Credit: A. Rest, STSI/NASA/NOAO
SYDNEY: 'Light echoes' have been detected from a giant cosmic eruption that occurred in 1838, shedding new light on the history of one of the most massive stars in our galaxy.
When the so-called Great Eruption occurred between 1838 and 1858, Eta Carinae, a massive system consisting of two stars, lit up and became the second brightest star in our sky for the following decade, before fading from view.

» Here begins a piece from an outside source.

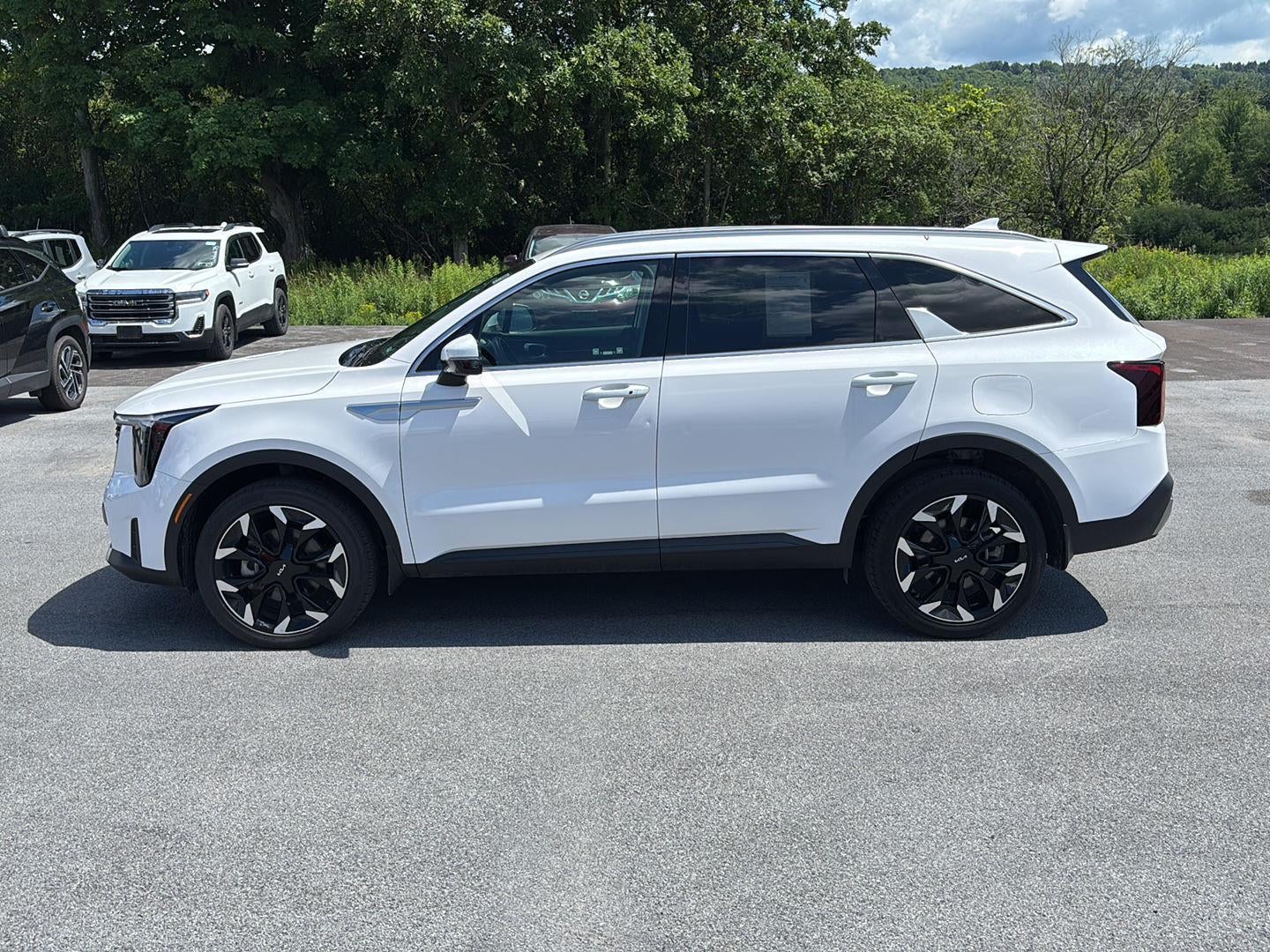2025 Kia Sorento X-Line EX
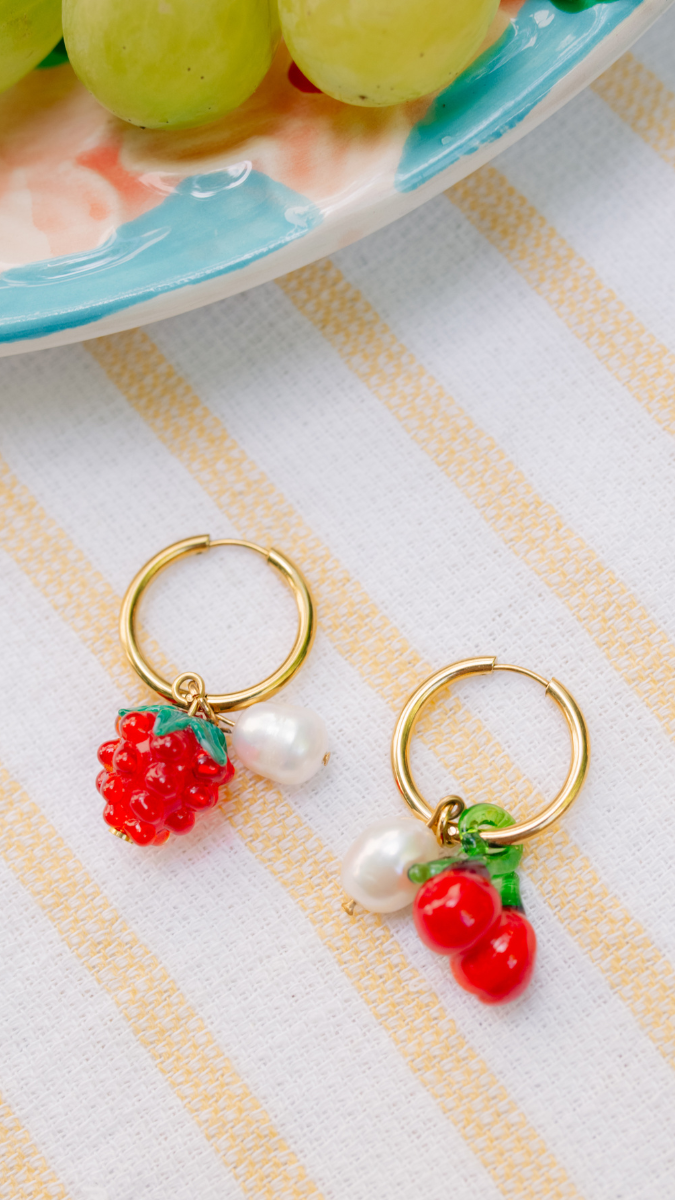 Schéma Boucles d'oreilles d'été avec perles fruits et perles d'eau douce Schéma Boucles d'oreilles d'été avec perles fruits et perles d'eau douce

For years, scientists have puzzled over what caused the Great Eruption, but because telescopes of the 19th century lacked instruments such as sophisticated modern spectrographs, they could not record the physical conditions at the time of the eruption. Now, scientists have detected the light spectrum of this past eruption for the first time to discover that the Great Eruption was cooler, and stranger, than previously thought.
"Eta Carinae is probably the most studied object in our galaxy," said lead Armin Rest from the Space Telescope Science Institute in Baltimore, author of the paper published in the current issue of Nature. "It's an extremely interesting object and important to understand. The big missing piece was always that there was no spectra of the Great Eruption, we did not have the data."
A massive blue star
Discovered by English astronomer and mathematician Edmund Halley in 1677, the Eta Carinae star lies about 7,500 light-years from Earth in the constellation Carina. Scientists have suggested that it is a binary star, which is a system containing at least two stars, called Eta Car A and Eta Car B. Researchers suspect that if this is true, Eta Car B star has less mass than Eta Car A, which is a huge Luminous Blue Variable (LBV) star around 120 solar masses.

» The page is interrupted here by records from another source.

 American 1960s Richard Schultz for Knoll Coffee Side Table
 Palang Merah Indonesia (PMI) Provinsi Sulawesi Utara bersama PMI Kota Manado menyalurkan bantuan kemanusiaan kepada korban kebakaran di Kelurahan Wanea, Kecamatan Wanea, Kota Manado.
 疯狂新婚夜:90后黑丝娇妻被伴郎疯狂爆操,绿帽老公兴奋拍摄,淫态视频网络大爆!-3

Due to its colossal mass, Eta Carinae is one of the most unstable stars known, and has gone through periods of brightness and dimness, burning its fuel faster than normal stars do. During the Great Eruption, it lost an amount of mass equivalent to that of about 20 times the mass of the Sun, and expelled the gas that now makes up the Homunculus Nebula. Eta Carinae is now swathed in the red haze of the nebula, making it very difficult to study.
"These really massive stars are really blue and not very stable. They sometimes go through these periods where they have eruptions," said Rest.

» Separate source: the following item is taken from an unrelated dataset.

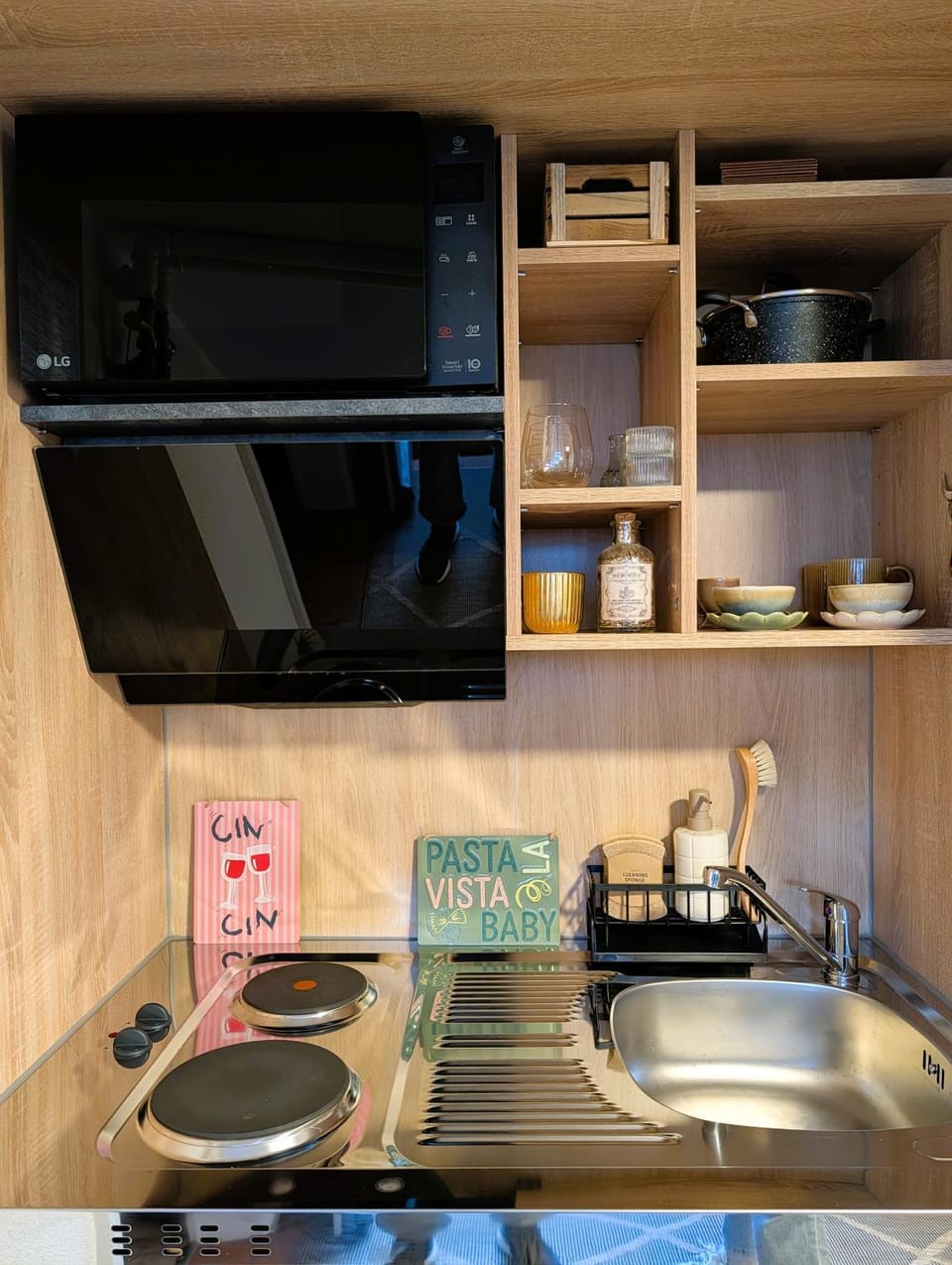 Kitchen or kitchenette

Previous wind models of the Great Eruption, based on visual estimates of Eta Carinae's brightness rather than the light echoes emitted from the eruption, implied that the minimum temperature during this eruption was around 7,000 degrees Celsius. Eta Carinae was thought to be the proto-type of these giant eruptions, so scientists thought the temperature could not go lower than this.
Light echo time machine
Light echoes have been used by scientists in the past to determine the characteristics of cosmic eruptions. When an eruption or explosion occurs in space, light will emit in all directions, and the light we see is the light that's travelling towards us. If the light that's travelling away from us happens to hit a dust cloud, it is reflected back towards us - like an echo - but will arrive at a later stage due to a longer path. "It's kind of like a time machine," said Rest. "You can look backwards in time and look at an event in the past."
"It's like you're chipping away at the base of a volcano, to find the lava from an eruption from 100 million years ago. It's pretty impressive," said Peter Tuthill from the School of Physics at the University of Sydney, who was not involved in the study.
But light echoes can be quite a challenge to pick up. "It's a catch-22 situation. You need something to reflect the light at you, and ideally you'd want a clean sheet of white paper, but [space] gives you a messy cloud with its own physics," Tuthill added. "Unravelling the light echo from all the stuff that's going on in the background is part of the challenge."